Discussed at the time:
Building and operating a pretty big storage system called S3 - https://news.ycombinator.com/item?id=36894932 - July 2023 (160 comments)
Really nice read, thank you for that.
Author of the 2minutestreaming blog here. Good point! I'll add this as a reference at the end. I loved that piece. My goal was to be more concise and focus on the HDD aspect
Please fix the seek time numbers - they’re wildly in accurate; full platter seek is more like 20-25ms. I tried chasing down where the 8ms number came from a while back, and I think it applies to old sub-100GB 10K RPM high-speed drives from 25 or so years ago, which were purposely low density so they could swing the head faster and less precisely.

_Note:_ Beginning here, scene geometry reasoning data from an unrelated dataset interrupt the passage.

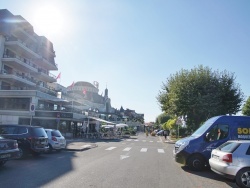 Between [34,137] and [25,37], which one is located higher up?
[25,37]

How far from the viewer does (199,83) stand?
35.7 m

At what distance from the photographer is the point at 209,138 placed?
12352 mm

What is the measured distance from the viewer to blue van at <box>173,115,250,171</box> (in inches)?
479

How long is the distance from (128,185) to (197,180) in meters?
2.79

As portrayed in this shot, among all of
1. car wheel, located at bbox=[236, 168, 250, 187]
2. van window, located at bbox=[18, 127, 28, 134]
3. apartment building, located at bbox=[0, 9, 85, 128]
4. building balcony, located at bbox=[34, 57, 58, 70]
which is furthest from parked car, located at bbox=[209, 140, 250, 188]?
building balcony, located at bbox=[34, 57, 58, 70]

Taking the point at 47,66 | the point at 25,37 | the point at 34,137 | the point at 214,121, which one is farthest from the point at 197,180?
the point at 47,66

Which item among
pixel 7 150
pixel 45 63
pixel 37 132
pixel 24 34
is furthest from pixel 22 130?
pixel 45 63

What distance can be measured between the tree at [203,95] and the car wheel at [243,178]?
25.8m

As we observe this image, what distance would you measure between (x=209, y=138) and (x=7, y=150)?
8175 millimetres

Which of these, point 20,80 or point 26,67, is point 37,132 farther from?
point 26,67

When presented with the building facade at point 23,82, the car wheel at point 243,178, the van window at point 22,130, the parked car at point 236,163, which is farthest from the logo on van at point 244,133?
the building facade at point 23,82

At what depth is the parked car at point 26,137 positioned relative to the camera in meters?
14.0

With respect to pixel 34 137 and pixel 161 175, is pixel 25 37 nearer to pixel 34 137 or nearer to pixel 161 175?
pixel 34 137

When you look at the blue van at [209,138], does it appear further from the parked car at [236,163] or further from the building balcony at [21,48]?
the building balcony at [21,48] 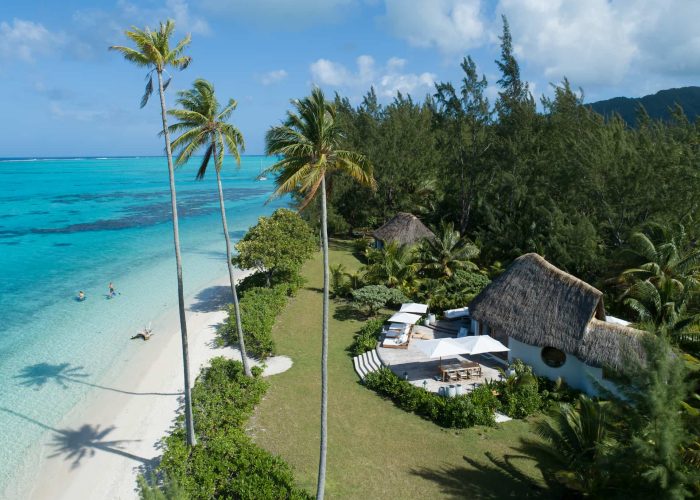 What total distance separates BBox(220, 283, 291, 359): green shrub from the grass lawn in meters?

Check out the Olmez et al paper from MSST 2024 - I linked it above, but here it is again: https://www.msstconference.org/MSST-history/2024/Papers/msst...
[flagged]
Woah buddy, I worked with Andy for years and this is not my experience. Moving a large product like S3 around is really, really difficult, and I've always thought highly of Andy's ability to: (a) predict where he thought the product should go, (b) come up with novel ways of getting there, and (c) trimming down the product to get something in the hands of customers.
Also, did you create this account for the express purpose of bashing Andy? That's not cool.
[flagged]
Well, the claim in question is not exactly a rebuttal of the original commenter's point despite the negative tone so I'd cut him some slack
Can you share some anecdotes?
https://github.com/rustfs/rustfs performs?

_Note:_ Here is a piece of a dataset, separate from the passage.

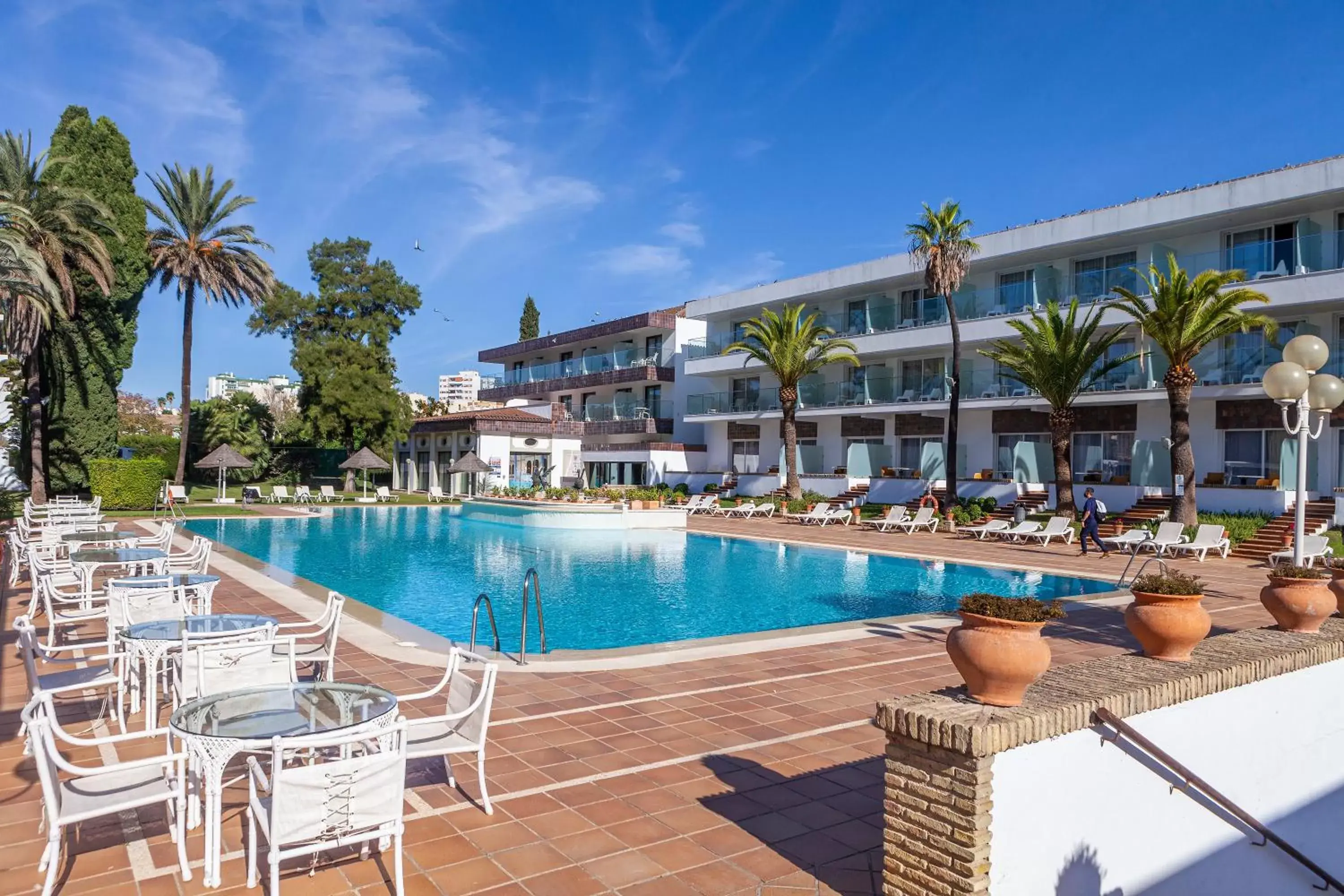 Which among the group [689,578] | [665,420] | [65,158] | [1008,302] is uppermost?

> tens of millions of disks
If we assume enterprise HDDs in the double digit TB range then one can estimate that the total S3 storage volume of AWS is in the triple digit Exabyte range. That's propably the biggest storage system on planet earth.
A certain data center in Utah might top that, assuming that they have upgraded their hardware since 2013.
https://www.forbes.com/sites/kashmirhill/2013/07/24/blueprin...
This piece is interesting background, but worth noting that the actual numbers are highly speculative. The NSA has never disclosed hard data on capacity, and most of what's out there is inference from blueprints, water/power usage, or second-hand claims. No verifiable figures exist.
Production scale enterprise HDDs are in the 30TB range, 50TB on the horizon...
Yes, WD 28-30TB range; we have a sku with 1000+ drives per rack and it weighs more than a ton.
Google for Seagate Mozaic
Is there an open source service designed with HDDs in mind that achieves similar performance? I know none of the big ones work that well with HDDs: MinIO, Swift, Ceph+RadosGW, SeaweedFS; they all suggest flash-only deployments.
Recently I've been looking into Garage and liking the idea of it, but it seems to have a very different design (no EC).
I would say that Ceph+RadosGW works well with HDDs, as long as 1) you use SDDs for the index pool, and 2) you are realistic about the number of IOPs you can get out of your pool of HDDs.
And remember that there's a multiplication of iops for any individual client iop, whether you're using triplicate storare or erasure coding. S3 also has iop multiplication, which they solve with tons of HDDs.
For big object storage that's mostly streaming 4MB chunks, this is no big deal. If you have tons of small random reads and writes across many keys or a single big key, that's when you need to make sure your backing store can keep up.
Lustre and ZFS can do similar speeds.
However, if you need high IOPS, you need flash on MDS for Lustre and some Log SSDs (esp. dedicated write and read ones) for ZFS.
Thanks, but I forgot to specify that I'm interested in S3-compatible servers only.
Basically, I have a single big server with 80 high-capacity HDDs and 4 high-endurance NVMes, and it's the S3 endpoint that gets a lot of writes.
So yes, for now my best candidate is ZFS + Garage, this way I can get away with using replica=1 and rely on ZFS RAIDz for data safety, and the NVMEs can get sliced and diced to act as the fast metadata store for Garage, the "special" device/small records store for the ZFS, the ZIL/SLOG device and so on.
Currently it's a bit of a Frankenstein's monster: using XFS+OpenCAS as the backing storage for an old version of MinIO (containerized to run as 5 instances), I'm looking to replace it with a simpler design and hopefully get a better performance.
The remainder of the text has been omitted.